Am I correct to conclude that the cited paragraph from the book is not correct?
Is there an obvious example for when the compiler will reliably generate more runtime-efficient code when a type adheres to the noexcept guideline?
I know the third one might be a bit blurry. But if someone could come up with a simple example, this would be great.
Background: I refer to std::vector's use of noexcept as "the vector pessimization." I claim that the vector pessimization is the only reason anyone ever cared about putting a noexcept keyword into the language. Furthermore, the vector pessimization applies only to the element type's move constructor. I claim that marking your move-assignment or swap operations as noexcept has no "in-game effect"; leaving aside whether it might be philosophically satisfying or stylistically correct, you shouldn't expect it to have any effect on your code's performance.

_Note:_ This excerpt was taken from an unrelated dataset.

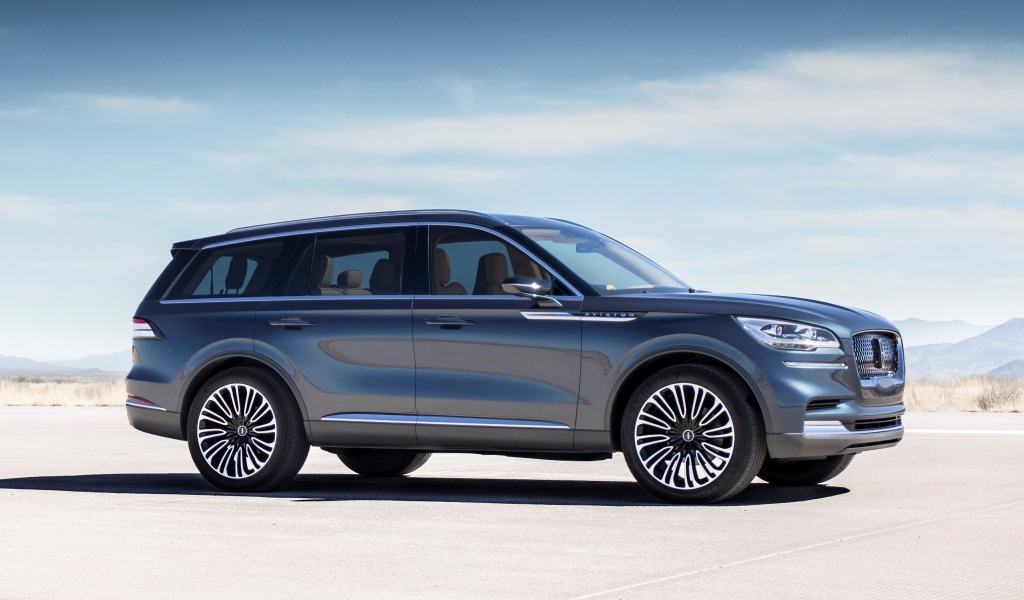 Серебристый внедорожник Lincoln Aviator, 2019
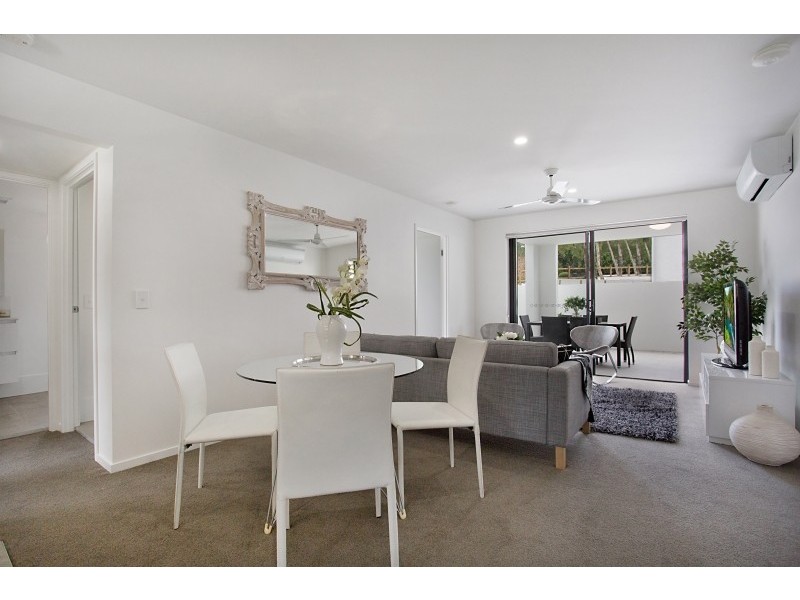 140 Ridgeway Avenue, Southport QLD 4215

Let's check a real library implementation and see how close I am to wrong. ;)
Vector reallocation. libc++'s headers use move_if_noexcept only inside __construct_{forward,backward}_with_exception_guarantees, which is used only inside vector reallocation.
Assignment operator for variant. Inside __assign_alt, the code tag-dispatches on is_nothrow_constructible_v<_Tp, _Arg> || !is_nothrow_move_constructible_v<_Tp>. When you do myvariant = arg;, the default "safe" approach is to construct a temporary _Tp from the given arg, and then destroy the currently emplaced alternative, and then move-construct that temporary _Tp into the new alternative (which hopefully won't throw). However, if we know that the _Tp is nothrow-constructible directly from arg, we'll just do that; or, if _Tp's move-constructor is throwing, such that the "safe" approach isn't actually safe, then it's not buying us anything and we'll just do the fast direct-construction approach anyway.
Btw, the assignment operator for optional does not do any of this logic.
Notice that for variant assignment, having a noexcept move constructor actually hurts (unoptimized) performance, unless you have also marked the selected converting constructor as noexcept! Godbolt.
(This experiment also turned up an apparent bug in libstdc++: #99417.)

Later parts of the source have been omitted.